Re: PRI #203: Proposed Update UTS #10: Unicode Collation Algorithm

From: Philippe Verdy <verdy_p_at_wanadoo.fr>
Date: Wed, 7 Sep 2011 05:14:51 +0200

I've just tried this idea, and this is working magically as I wanted.
It generates extremely compact collation keys, notably if I no longer
restrict collation levels so that they use a limited range: instead I
explicitly use a level separator, to which I assign the final range of
rationals [7/16 .. 16/16], that I can represent as 4 bits (1111).
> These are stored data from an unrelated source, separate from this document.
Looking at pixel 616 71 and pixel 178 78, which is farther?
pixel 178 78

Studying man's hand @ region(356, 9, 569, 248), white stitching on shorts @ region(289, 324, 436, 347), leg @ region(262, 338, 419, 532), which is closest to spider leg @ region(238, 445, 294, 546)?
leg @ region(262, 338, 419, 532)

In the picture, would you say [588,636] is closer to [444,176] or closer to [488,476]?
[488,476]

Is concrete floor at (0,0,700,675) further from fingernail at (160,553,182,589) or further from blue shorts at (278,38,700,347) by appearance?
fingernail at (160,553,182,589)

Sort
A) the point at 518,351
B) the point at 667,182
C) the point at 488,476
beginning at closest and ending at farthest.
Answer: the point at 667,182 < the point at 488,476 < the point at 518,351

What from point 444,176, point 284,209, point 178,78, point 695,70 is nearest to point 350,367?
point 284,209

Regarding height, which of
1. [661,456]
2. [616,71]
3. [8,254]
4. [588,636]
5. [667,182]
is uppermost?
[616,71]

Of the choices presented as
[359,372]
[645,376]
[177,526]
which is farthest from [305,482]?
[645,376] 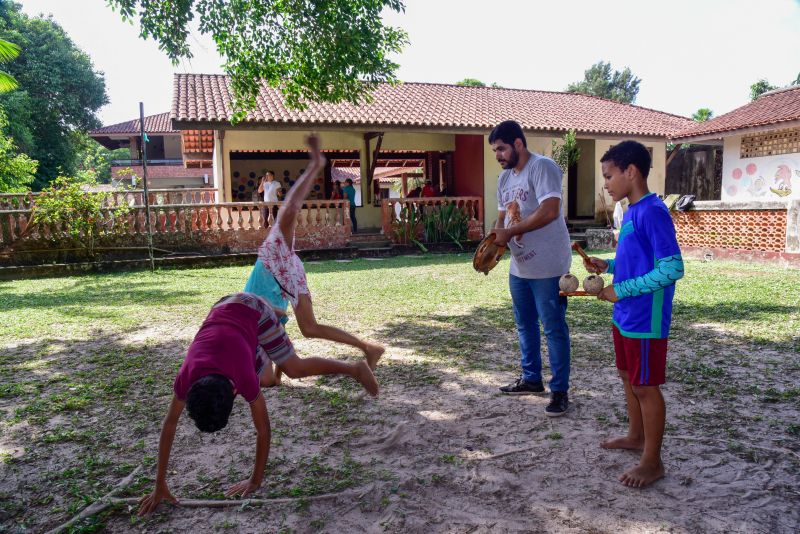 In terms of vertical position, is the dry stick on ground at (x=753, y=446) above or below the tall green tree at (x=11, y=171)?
below

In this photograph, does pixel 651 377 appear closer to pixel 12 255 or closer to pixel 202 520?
pixel 202 520

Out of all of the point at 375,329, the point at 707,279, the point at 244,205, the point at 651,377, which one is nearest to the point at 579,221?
the point at 707,279

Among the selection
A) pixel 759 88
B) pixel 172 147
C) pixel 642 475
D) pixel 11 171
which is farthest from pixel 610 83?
pixel 642 475

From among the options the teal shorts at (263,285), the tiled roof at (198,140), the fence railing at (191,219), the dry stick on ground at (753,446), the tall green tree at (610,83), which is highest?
the tall green tree at (610,83)

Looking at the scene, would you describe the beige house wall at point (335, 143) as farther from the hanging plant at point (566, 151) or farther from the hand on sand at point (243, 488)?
the hand on sand at point (243, 488)

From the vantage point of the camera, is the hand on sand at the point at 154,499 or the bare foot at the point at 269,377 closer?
the hand on sand at the point at 154,499

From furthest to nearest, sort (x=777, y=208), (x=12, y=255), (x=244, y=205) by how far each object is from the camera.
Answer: (x=244, y=205)
(x=12, y=255)
(x=777, y=208)

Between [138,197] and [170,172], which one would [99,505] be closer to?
[138,197]

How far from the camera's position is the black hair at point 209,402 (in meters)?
2.27

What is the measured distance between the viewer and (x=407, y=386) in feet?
14.1

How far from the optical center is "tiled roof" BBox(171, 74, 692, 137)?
14.5 m

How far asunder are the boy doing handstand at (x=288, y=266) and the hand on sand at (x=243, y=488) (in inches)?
37.8

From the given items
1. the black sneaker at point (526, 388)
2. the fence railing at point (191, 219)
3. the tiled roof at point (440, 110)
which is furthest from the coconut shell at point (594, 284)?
the fence railing at point (191, 219)

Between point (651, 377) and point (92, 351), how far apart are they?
511 centimetres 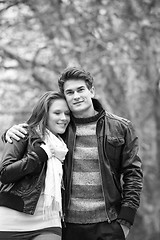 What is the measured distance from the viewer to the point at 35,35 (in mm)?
9688

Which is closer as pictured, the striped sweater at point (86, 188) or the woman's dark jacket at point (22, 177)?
the woman's dark jacket at point (22, 177)

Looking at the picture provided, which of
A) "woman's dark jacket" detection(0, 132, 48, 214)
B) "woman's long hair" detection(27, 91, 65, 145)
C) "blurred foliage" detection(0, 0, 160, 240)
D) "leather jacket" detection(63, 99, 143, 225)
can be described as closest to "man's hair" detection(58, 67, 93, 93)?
"woman's long hair" detection(27, 91, 65, 145)

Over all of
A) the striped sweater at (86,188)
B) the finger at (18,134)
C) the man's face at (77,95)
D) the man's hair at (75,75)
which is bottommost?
the striped sweater at (86,188)

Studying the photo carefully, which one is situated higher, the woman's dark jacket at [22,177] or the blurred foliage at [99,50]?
the blurred foliage at [99,50]

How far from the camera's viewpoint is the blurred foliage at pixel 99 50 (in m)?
8.61

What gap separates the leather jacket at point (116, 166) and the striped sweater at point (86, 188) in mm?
45

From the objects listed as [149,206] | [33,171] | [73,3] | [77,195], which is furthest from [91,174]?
[149,206]

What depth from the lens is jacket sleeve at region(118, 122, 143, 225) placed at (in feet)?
13.6

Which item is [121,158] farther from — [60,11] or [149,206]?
[149,206]

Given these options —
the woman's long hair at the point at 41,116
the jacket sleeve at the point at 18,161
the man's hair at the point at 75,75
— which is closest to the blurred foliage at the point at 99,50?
the man's hair at the point at 75,75

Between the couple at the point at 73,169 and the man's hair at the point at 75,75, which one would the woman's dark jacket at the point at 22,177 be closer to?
the couple at the point at 73,169

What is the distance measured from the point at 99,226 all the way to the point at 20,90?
25.2 ft

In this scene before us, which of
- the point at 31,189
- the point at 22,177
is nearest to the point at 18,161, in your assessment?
the point at 22,177

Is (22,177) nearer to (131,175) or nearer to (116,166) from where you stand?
(116,166) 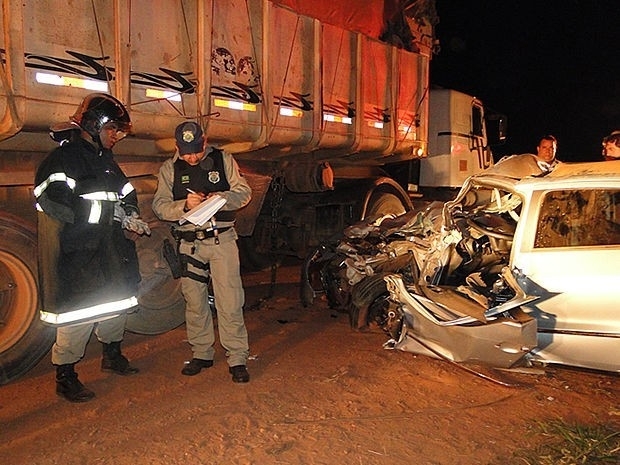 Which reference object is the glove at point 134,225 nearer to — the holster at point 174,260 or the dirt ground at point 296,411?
the holster at point 174,260

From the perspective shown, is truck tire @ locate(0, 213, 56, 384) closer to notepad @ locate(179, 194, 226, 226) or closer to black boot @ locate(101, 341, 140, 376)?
black boot @ locate(101, 341, 140, 376)

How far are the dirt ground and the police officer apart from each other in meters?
0.42

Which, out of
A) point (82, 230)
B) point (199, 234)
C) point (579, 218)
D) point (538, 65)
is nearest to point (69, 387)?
point (82, 230)

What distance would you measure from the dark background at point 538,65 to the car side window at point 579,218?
2469 cm

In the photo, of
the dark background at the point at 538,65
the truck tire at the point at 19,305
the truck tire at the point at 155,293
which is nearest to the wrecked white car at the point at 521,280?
the truck tire at the point at 155,293

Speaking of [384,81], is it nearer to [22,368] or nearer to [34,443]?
[22,368]

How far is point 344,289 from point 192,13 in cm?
270

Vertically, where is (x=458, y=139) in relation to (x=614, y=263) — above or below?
above

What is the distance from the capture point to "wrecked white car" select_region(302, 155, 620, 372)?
3801 millimetres

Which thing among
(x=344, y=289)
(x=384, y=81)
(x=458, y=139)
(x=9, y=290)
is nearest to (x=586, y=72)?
(x=458, y=139)

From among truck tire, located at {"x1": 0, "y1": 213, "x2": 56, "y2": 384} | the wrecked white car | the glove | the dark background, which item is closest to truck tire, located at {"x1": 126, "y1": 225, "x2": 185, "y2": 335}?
truck tire, located at {"x1": 0, "y1": 213, "x2": 56, "y2": 384}

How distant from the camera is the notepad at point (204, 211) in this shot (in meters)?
4.02

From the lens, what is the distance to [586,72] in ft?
97.6

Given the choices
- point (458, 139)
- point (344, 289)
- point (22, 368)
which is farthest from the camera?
point (458, 139) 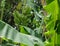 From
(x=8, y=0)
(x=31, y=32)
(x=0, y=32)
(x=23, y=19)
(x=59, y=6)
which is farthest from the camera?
(x=8, y=0)

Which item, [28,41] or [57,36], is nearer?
[28,41]

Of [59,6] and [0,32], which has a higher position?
[59,6]

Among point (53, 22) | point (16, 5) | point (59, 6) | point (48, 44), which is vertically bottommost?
point (48, 44)

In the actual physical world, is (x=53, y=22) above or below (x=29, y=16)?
below

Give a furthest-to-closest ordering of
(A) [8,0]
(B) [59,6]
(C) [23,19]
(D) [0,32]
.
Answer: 1. (A) [8,0]
2. (C) [23,19]
3. (B) [59,6]
4. (D) [0,32]

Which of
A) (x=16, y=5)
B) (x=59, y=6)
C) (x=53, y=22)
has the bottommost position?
(x=53, y=22)

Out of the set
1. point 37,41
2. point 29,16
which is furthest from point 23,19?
point 37,41

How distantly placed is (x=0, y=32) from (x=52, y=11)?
0.54 meters

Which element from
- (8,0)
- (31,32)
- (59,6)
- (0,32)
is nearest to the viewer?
(0,32)

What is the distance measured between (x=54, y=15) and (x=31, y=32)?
591mm

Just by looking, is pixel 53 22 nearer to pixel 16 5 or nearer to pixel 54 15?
pixel 54 15

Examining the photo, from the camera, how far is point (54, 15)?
2.33 m

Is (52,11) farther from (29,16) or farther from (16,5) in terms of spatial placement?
(16,5)

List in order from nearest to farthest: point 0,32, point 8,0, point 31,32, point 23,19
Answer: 1. point 0,32
2. point 31,32
3. point 23,19
4. point 8,0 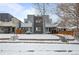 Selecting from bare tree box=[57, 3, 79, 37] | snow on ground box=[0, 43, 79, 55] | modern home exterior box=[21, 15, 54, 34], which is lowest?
snow on ground box=[0, 43, 79, 55]

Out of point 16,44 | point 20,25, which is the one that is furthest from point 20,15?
point 16,44

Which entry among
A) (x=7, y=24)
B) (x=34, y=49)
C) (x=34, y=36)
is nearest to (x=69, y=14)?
(x=34, y=36)

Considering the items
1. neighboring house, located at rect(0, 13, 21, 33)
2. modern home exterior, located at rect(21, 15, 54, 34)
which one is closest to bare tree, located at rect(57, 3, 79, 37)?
modern home exterior, located at rect(21, 15, 54, 34)

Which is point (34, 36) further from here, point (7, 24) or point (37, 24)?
point (7, 24)

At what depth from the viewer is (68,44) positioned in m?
4.98

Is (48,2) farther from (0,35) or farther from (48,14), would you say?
(0,35)

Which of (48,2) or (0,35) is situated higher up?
(48,2)

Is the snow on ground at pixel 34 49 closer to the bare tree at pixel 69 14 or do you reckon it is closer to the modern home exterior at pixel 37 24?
the modern home exterior at pixel 37 24

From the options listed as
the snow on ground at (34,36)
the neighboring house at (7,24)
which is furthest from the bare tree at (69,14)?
the neighboring house at (7,24)

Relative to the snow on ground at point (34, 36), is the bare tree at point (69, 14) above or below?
above

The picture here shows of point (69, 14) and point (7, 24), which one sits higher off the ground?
point (69, 14)

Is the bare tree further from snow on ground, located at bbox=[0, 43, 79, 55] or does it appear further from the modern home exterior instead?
snow on ground, located at bbox=[0, 43, 79, 55] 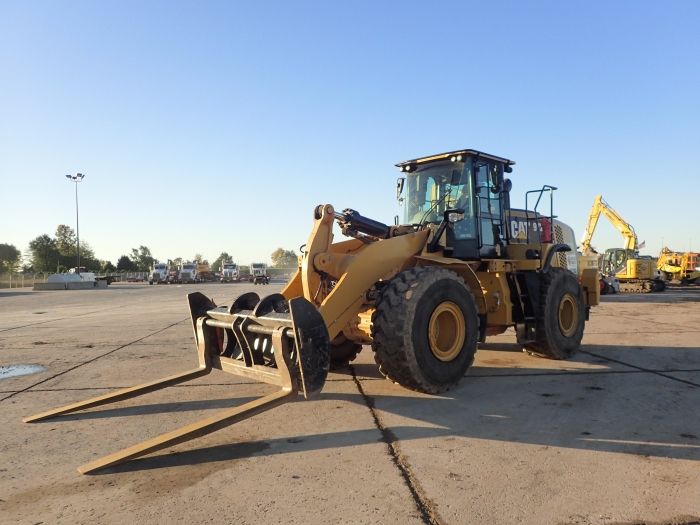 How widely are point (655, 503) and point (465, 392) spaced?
2614 millimetres

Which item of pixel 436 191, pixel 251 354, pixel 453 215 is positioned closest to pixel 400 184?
pixel 436 191

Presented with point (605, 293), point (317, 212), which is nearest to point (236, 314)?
point (317, 212)

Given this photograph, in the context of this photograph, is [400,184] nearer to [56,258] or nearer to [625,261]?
[625,261]

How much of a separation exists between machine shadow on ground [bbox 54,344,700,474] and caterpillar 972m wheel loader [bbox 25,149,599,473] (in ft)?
0.74

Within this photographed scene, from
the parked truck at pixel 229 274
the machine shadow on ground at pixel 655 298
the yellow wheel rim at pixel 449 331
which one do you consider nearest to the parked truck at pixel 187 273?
the parked truck at pixel 229 274

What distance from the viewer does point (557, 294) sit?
7285 mm

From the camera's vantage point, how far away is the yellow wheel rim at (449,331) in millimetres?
5430

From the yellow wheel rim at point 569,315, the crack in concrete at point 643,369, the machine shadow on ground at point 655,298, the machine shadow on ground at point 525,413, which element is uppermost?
the yellow wheel rim at point 569,315

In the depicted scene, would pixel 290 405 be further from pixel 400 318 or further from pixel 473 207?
pixel 473 207

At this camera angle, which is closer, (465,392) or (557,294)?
(465,392)

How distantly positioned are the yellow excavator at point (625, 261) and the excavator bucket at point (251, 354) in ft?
73.4

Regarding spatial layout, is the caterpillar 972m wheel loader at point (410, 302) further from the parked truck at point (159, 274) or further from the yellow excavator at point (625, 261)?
the parked truck at point (159, 274)

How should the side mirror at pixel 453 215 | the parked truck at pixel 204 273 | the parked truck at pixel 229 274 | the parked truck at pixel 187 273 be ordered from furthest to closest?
the parked truck at pixel 229 274 → the parked truck at pixel 204 273 → the parked truck at pixel 187 273 → the side mirror at pixel 453 215

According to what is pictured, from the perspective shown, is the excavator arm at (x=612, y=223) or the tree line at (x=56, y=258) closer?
the excavator arm at (x=612, y=223) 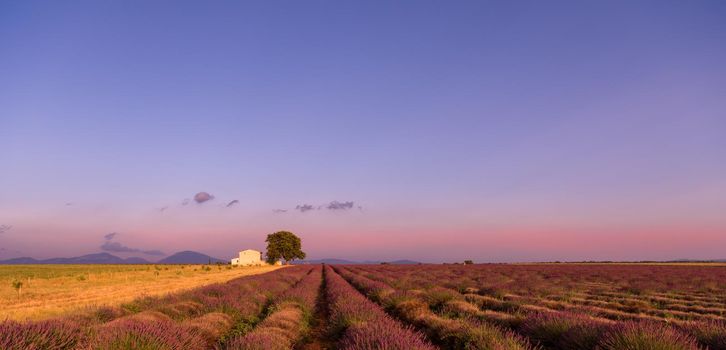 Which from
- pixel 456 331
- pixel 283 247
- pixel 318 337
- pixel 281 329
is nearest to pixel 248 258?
pixel 283 247

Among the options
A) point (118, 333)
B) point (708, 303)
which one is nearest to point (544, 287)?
point (708, 303)

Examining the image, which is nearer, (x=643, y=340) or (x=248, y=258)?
(x=643, y=340)

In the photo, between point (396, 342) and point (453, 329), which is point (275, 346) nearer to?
point (396, 342)

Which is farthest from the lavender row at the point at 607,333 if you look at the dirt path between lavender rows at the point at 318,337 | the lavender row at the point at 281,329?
the lavender row at the point at 281,329

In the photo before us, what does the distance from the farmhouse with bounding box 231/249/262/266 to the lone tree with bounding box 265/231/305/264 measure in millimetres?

Then each level can use the collation weights in the half-open range
[0/16 .. 7/16[, which can be splitted in as many elements as needed. I
have also used the [0/16 .. 1/16[ half-open range for the weight
representing ignorable elements: this will use 4 bits(0000) in the
collation keys. This leaves the half-open range [1/16 .. 7/16[ for
representing all non-ignorable weights for this level.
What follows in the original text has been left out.